--- Information shown Enclosed Below ---
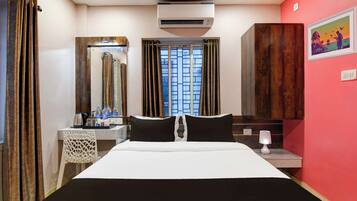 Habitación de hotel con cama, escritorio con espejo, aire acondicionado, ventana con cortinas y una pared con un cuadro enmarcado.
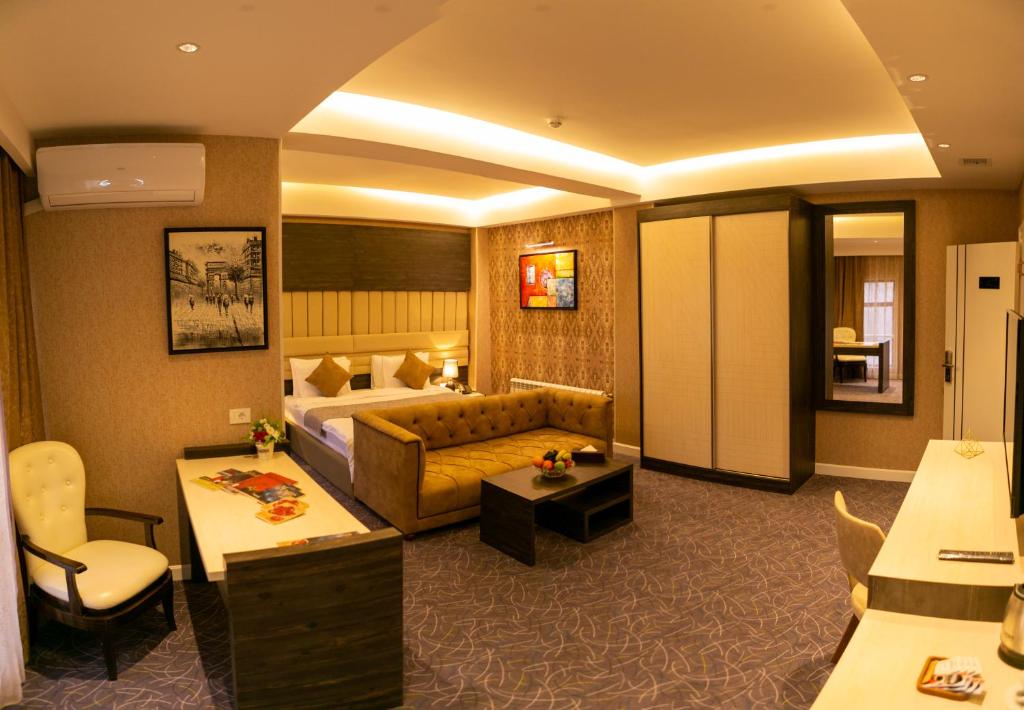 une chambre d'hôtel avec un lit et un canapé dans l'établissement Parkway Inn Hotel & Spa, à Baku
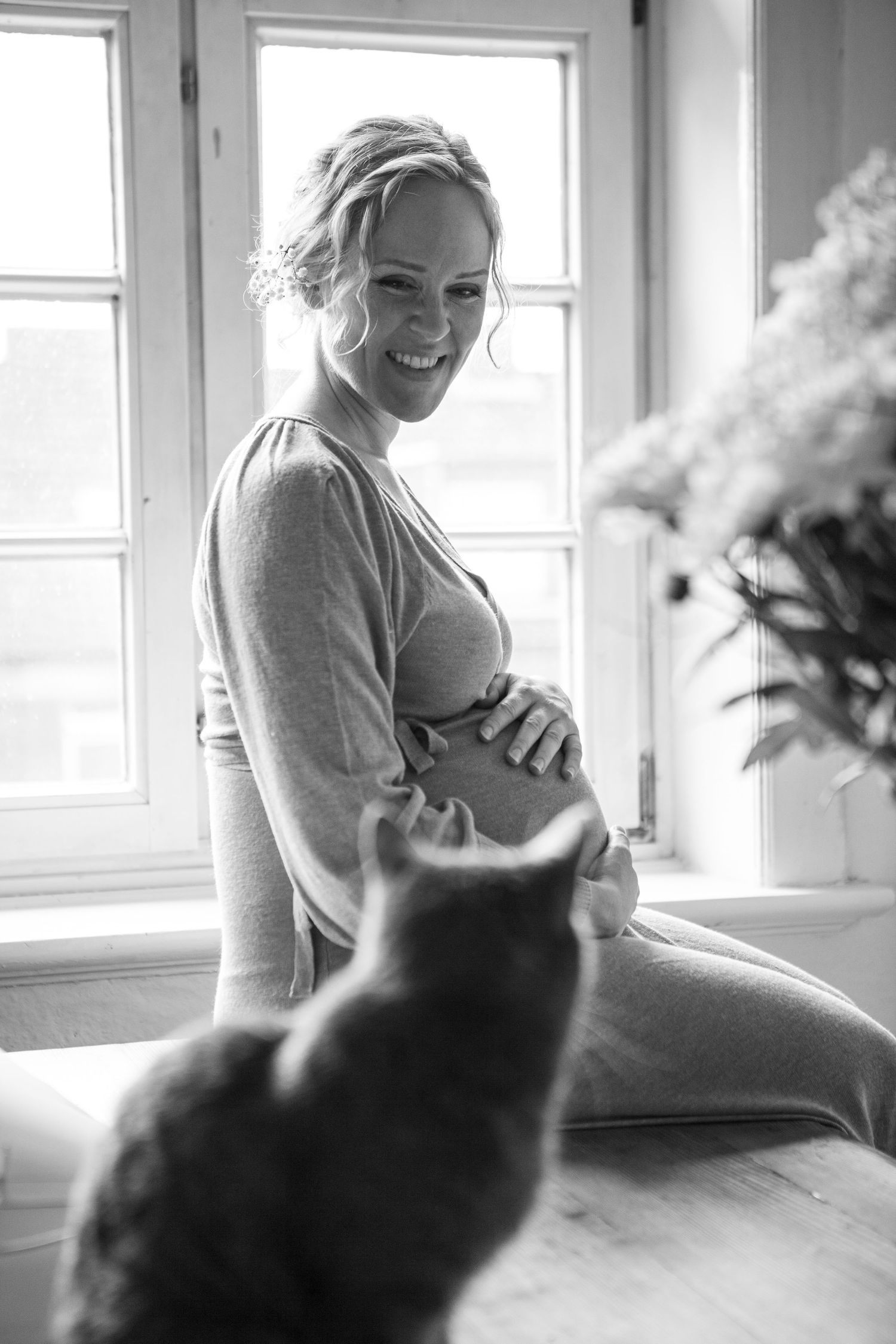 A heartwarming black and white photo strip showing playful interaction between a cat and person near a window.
--- End of Enclosed Information shown ---
▶ What this task involves
Leave the pictures out. Otherwise, output the listing above exactly.

▶ Final answer
 Habitación de hotel con cama, escritorio con espejo, aire acondicionado, ventana con cortinas y una pared con un cuadro enmarcado.
 une chambre d'hôtel avec un lit et un canapé dans l'établissement Parkway Inn Hotel & Spa, à Baku
 A heartwarming black and white photo strip showing playful interaction between a cat and person near a window.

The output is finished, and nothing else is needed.